All beautiful and some obviously magical
Posted by Teresa at 02:23 PM * 28 comments

You know that seriously cool toyshop that keeps turning up in fantasy stories? (The benign version, I mean.) The Grand Illusions Toy Shop comes as close to it as anything I’ve seen. Prices range from £3, for a pair of non-transitive dice, to £4,500, for your very own almost-Enigma machine. (It’s actually a Nema machine, the postwar version the Swiss manufactured for use by their own military.) They pay all the shipping costs.

The rest of their site is likewise full of marvels and wonders: orreries, optical illusions, short articles about their various toys, short articles about other intriguing subjects, stuff you can make

Shiny!

Comments on All beautiful and some obviously magical:
#1 ::: Kip Manley ::: (view all by) ::: November 16, 2005, 03:37 PM:

There goes my afternoon.

#2 ::: Serge ::: (view all by) ::: November 16, 2005, 04:08 PM:

Ah, to have my own decoding machine...

#3 ::: Jakob ::: (view all by) ::: November 16, 2005, 04:13 PM:

Unfortunately they're only selling the one decoding machine; who would you have send you the encoded messages?

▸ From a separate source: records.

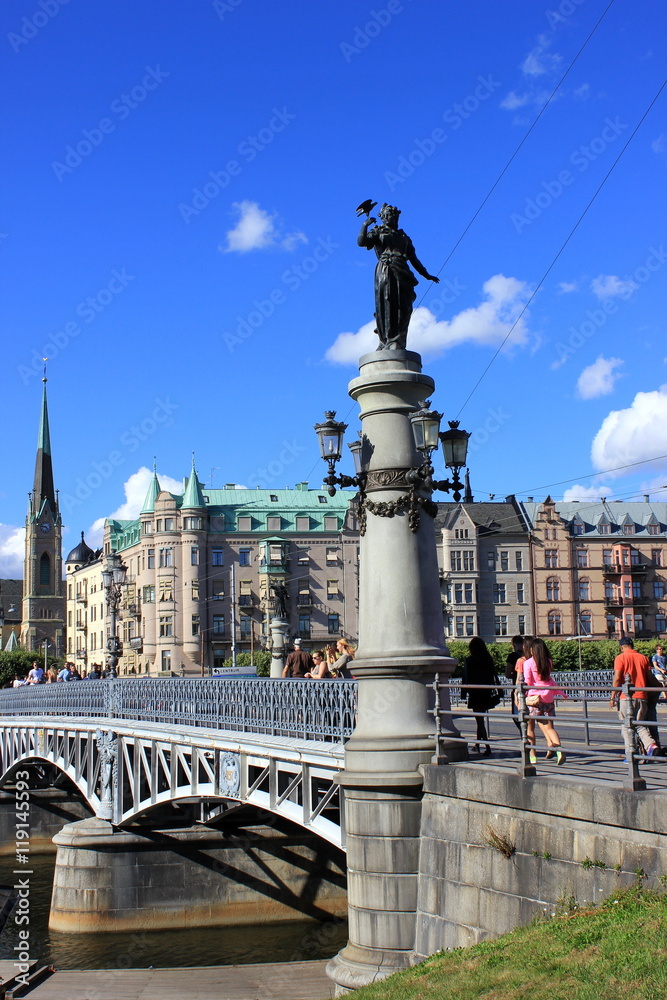 Die Altstadt von Stockholm (Schweden) mit der Brücke Djurgardsbron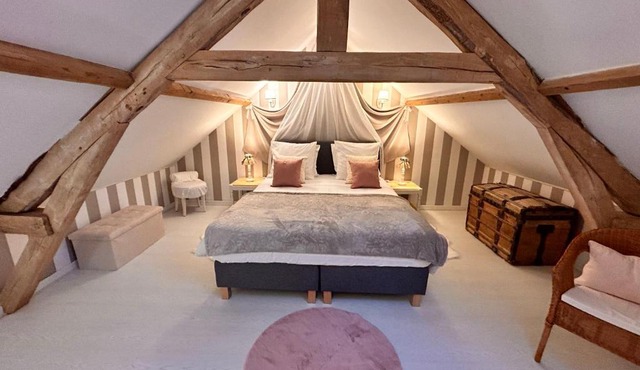 La Grange Aux Hirondelles - Chambre romantique in Woignarue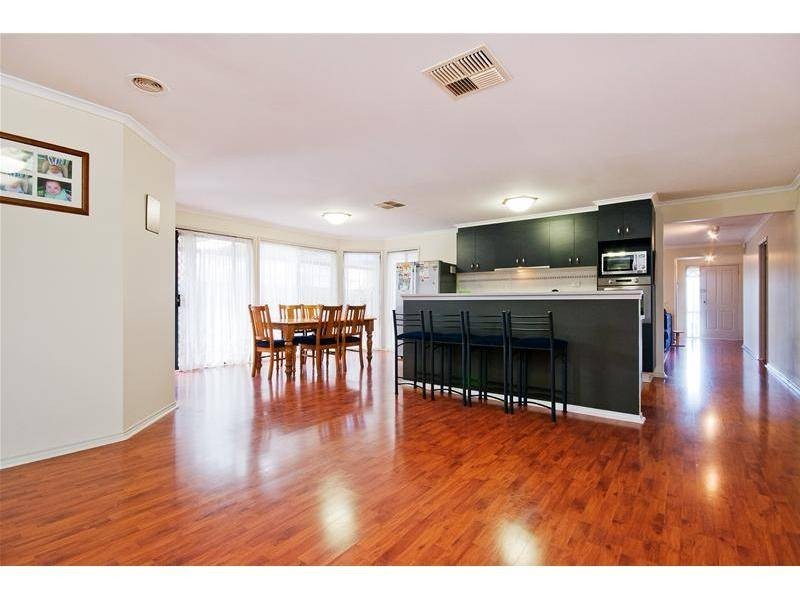 10 Yarra Gum Road, Wyndham Vale VIC 3024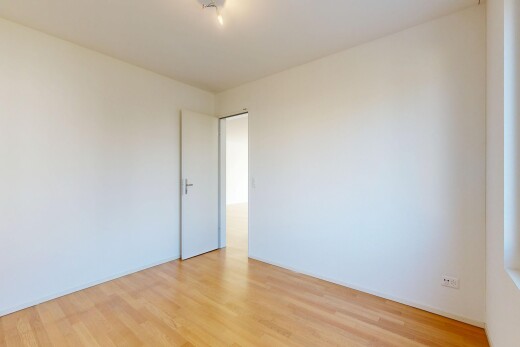 pièce vide avec wood finish floor, sol en finition bois, drywall, cloison sèche, et inside property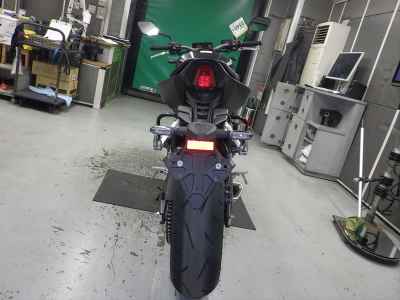 Honda CB650R E-Clutch 2024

#4 ::: Madeleine Robins ::: (view all by) ::: November 16, 2005, 04:19 PM:

Oh, my. Shiny. Look at all the pretty things!

#5 ::: Teresa Nielsen Hayden ::: (view all by) ::: November 16, 2005, 04:44 PM:

That's the word I wanted!

Thanks, Mad.

#6 ::: Melissa Mead ::: (view all by) ::: November 16, 2005, 05:20 PM:

Ok, this is driving me crazy-I know the topic title's a quote from somewhere familiar. Where, please?

And those are fascinating toys!

#7 ::: Dan Blum ::: (view all by) ::: November 16, 2005, 05:46 PM:

The title is from The Fellowship of the Ring, in the Bilbo's birthday party section (courtesy of Google - I was pretty sure it was Tolkien but couldn't recall where from, exactly).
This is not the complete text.